Our vehicle finance director, Graham Hill, wrote in the Financial Times in March about a couple of jargon-initials: PCP and GMFV (guaranteed minimum future value). To quote his example: “Environmental concern about diesel and increased congestion charges creates a risk that diesel car prices could drop through the floor. With PCP, if the value dropped after signing your deal, you could just hand the car back at the end and walk away.”
Or if the true market value exceeds the GMFV, that money could go towards the cost of financing a future vehicle, or switching to the latest model for the same monthly payment.
Typically, drivers will pay a bit less on a personal contract hire (PCH) than on a PCP, because many contract hire rates have substantial discounts and bonuses built into the calculation. Yet they are less likely to sign up to a PCH in the first place because dealers make more commission on PCP deals and the range of options at decision time tends to be vanishingly narrow.

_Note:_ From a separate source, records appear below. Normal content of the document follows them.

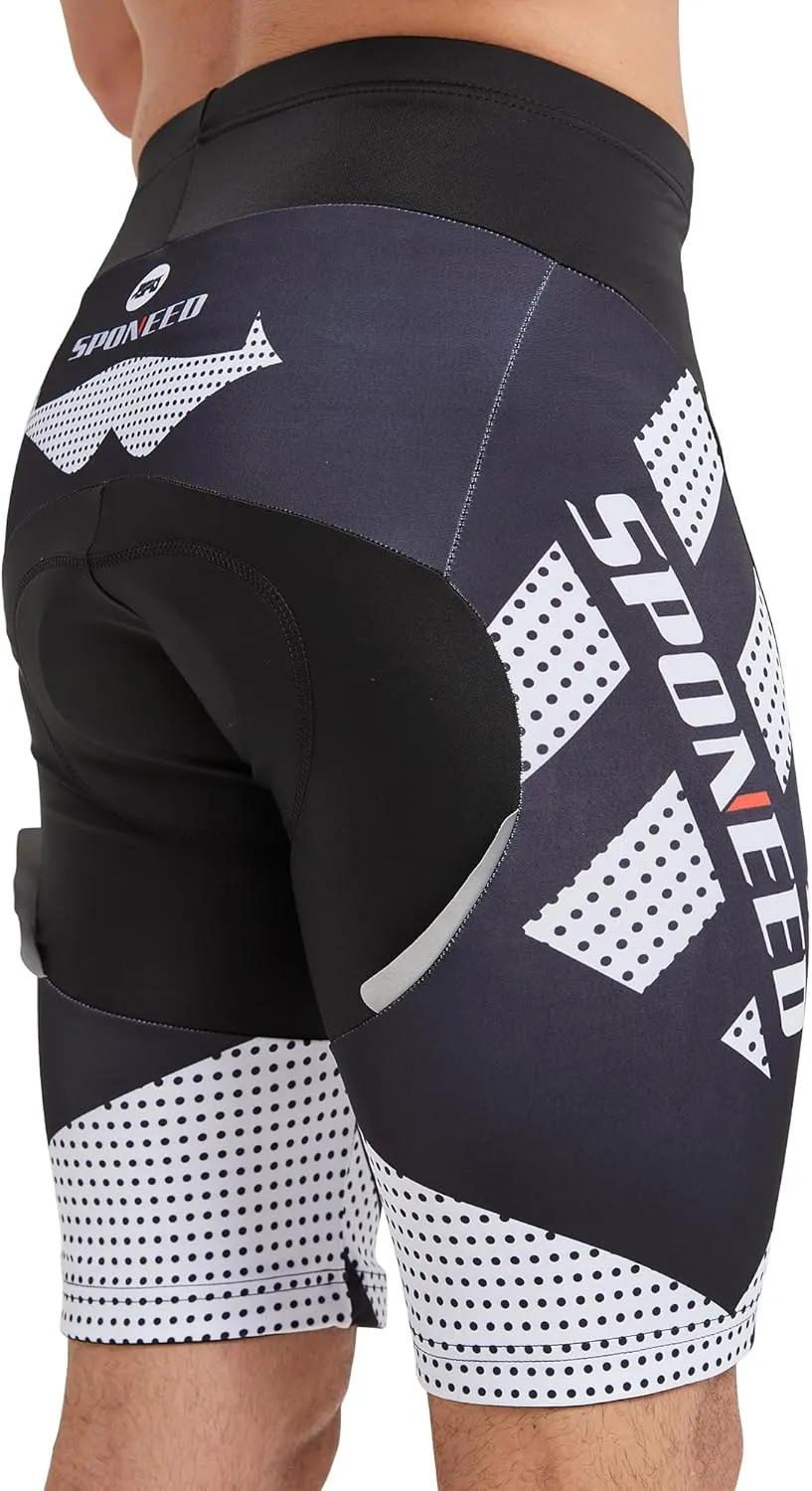 sponeed Men's Cycling Shorts Padded Bicycle Riding Pants Bike Biking Clothes Cycle Wear Tights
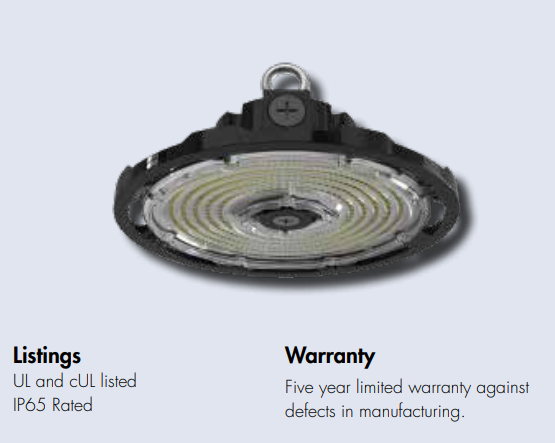 TCP EUFOUZDSW4CCT UFO LED High Bay Light – Dimmable, Selectable Wattage & CCT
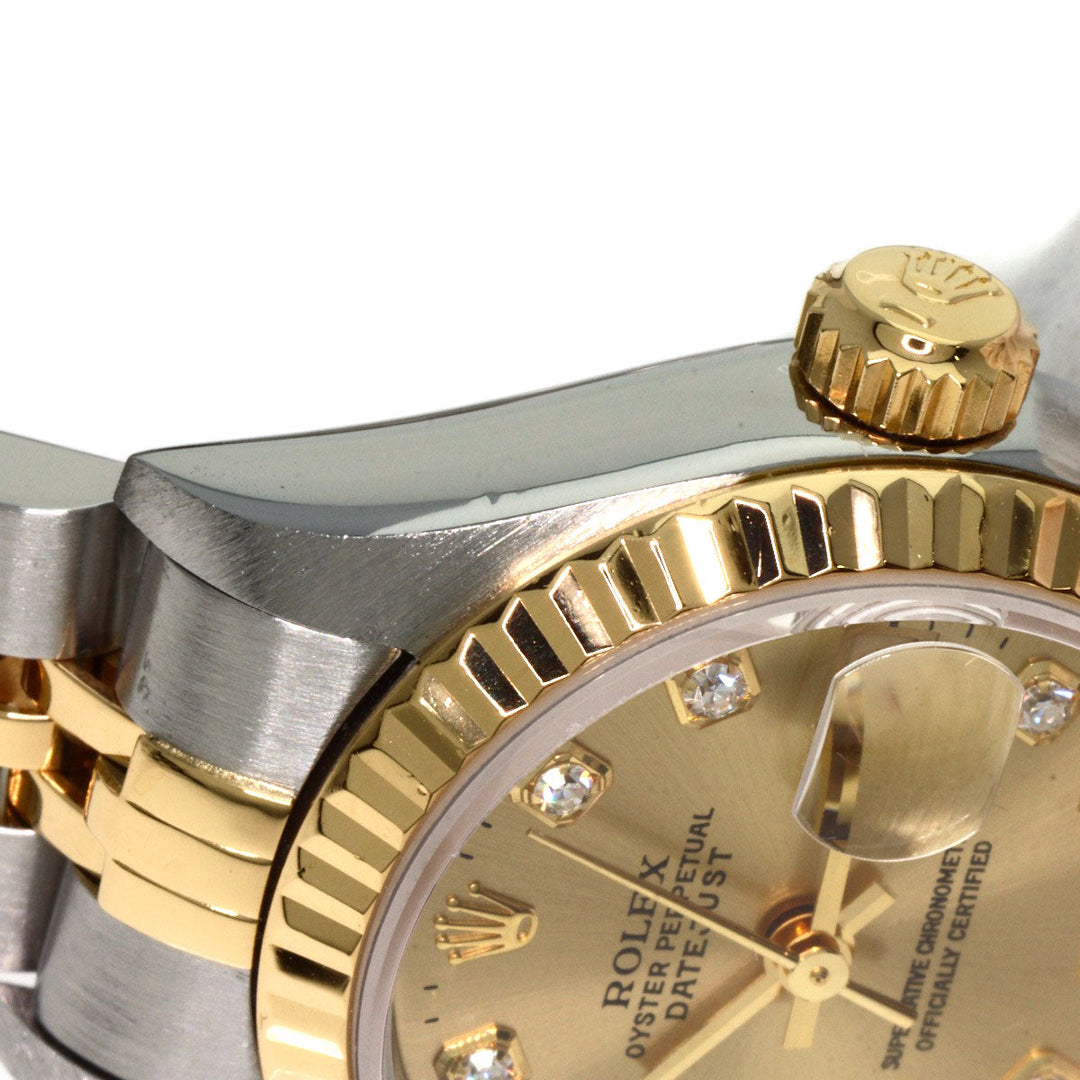 ROLEX Watches Mechanical Automatic 69173G Stainless Steel , SSxK18YG gold Datejust 10P Diamond Champagne Gold dial Women Used Authentic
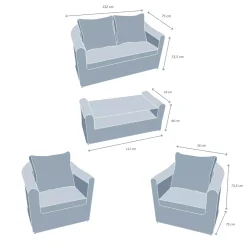 Online Salotto da giardino in resina intrecciata 4 posti 4 pezzi Calvi Grigio e grigio scuro Salotto Da Giardino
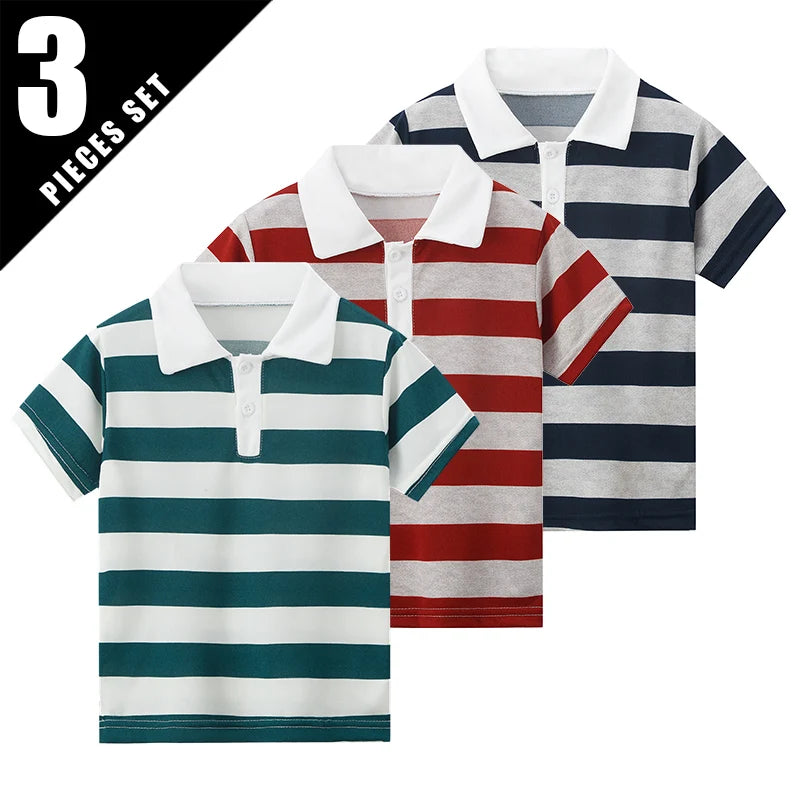 Kinder Polo-Shirt Unisex - Gestreift Kurzarm Basic Shirt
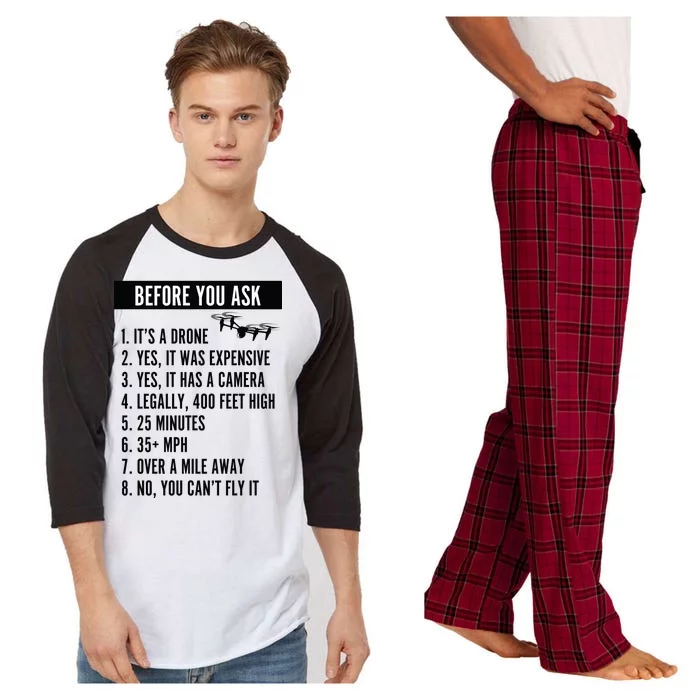 Before You Ask Drone Funny Drone Raglan Sleeve Pajama Set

The NACFB’s view is that brokers should be involved to talk through the options. New car registrations remained broadly flat in February – dropping 0.3% – which perhaps is more about private owners waiting for the 17 plate than anything else. Even the number plate is a branding exercise: Who has the newest fleet? Whose vehicles are most up-to-date?
The goalposts are changing every week – listen to the Mayor of London’s recent salvos against the diesel engine, and you can see how for the fleet manager, long-termism is now a game with complex rules.